(Pictures with short captions)

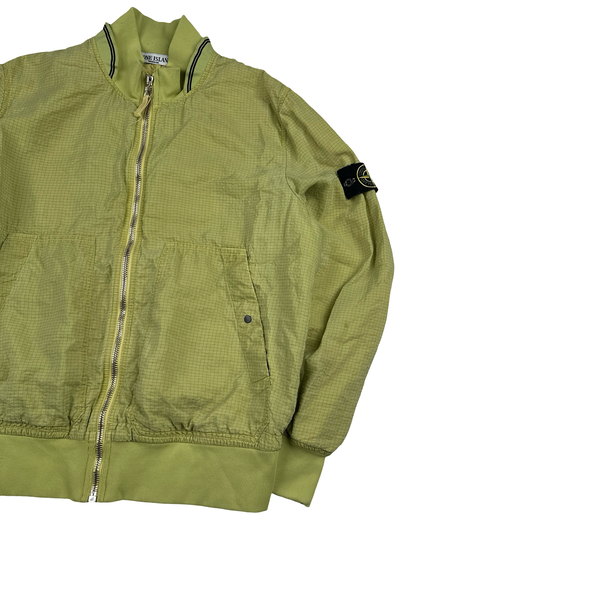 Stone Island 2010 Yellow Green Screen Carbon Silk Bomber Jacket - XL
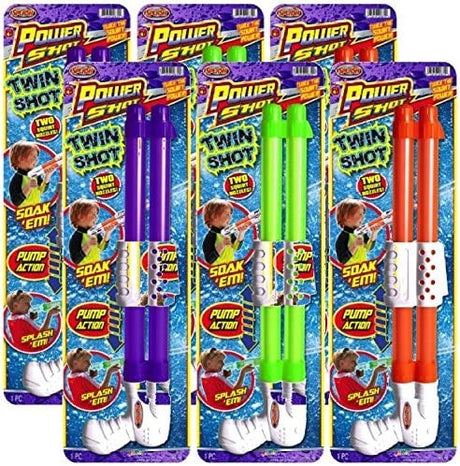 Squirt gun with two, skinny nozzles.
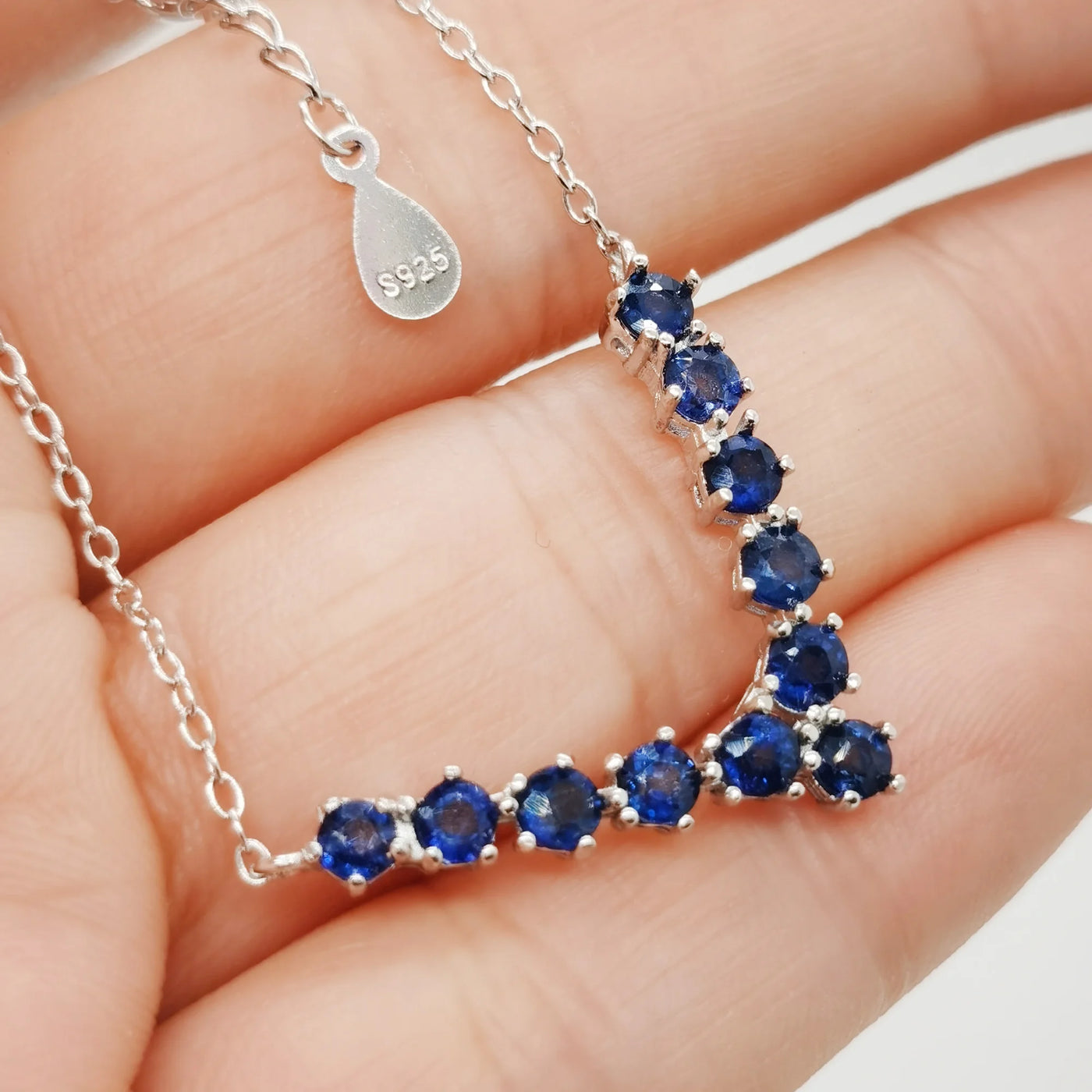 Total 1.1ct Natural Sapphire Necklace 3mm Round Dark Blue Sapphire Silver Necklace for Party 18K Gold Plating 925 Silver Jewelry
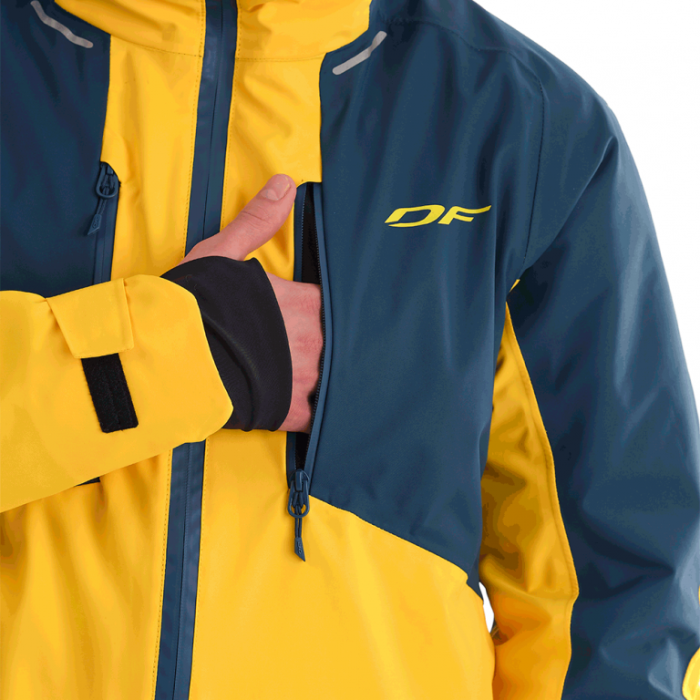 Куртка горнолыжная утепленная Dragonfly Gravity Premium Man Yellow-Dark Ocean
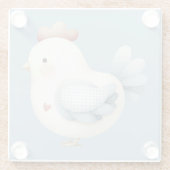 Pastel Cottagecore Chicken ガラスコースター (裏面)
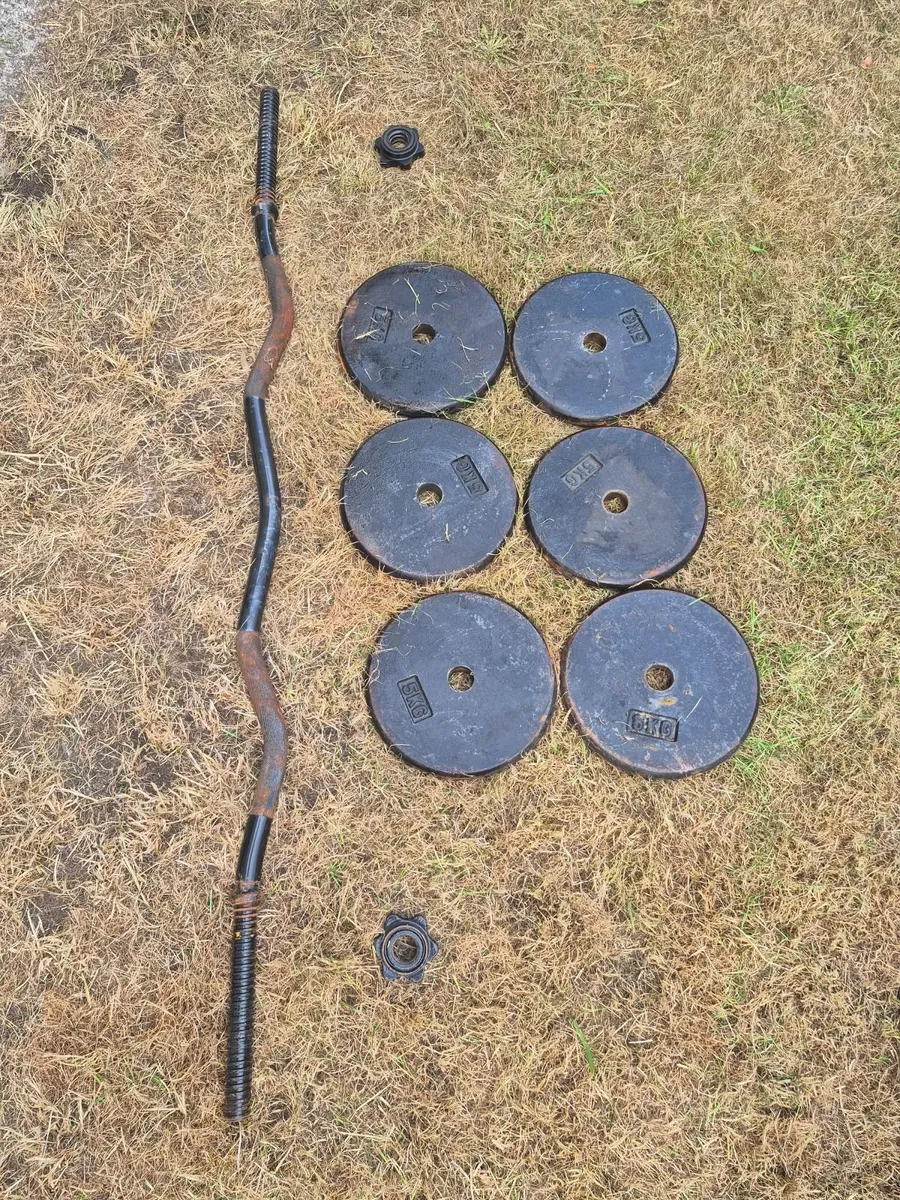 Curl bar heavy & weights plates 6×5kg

PROBLEM » The response should repeat every entry above exactly and include none of the pictures.

OUTPUT BELOW »
 Stone Island 2010 Yellow Green Screen Carbon Silk Bomber Jacket - XL
 Squirt gun with two, skinny nozzles.
 Total 1.1ct Natural Sapphire Necklace 3mm Round Dark Blue Sapphire Silver Necklace for Party 18K Gold Plating 925 Silver Jewelry
 Куртка горнолыжная утепленная Dragonfly Gravity Premium Man Yellow-Dark Ocean
 Pastel Cottagecore Chicken ガラスコースター (裏面)
 Curl bar heavy & weights plates 6×5kg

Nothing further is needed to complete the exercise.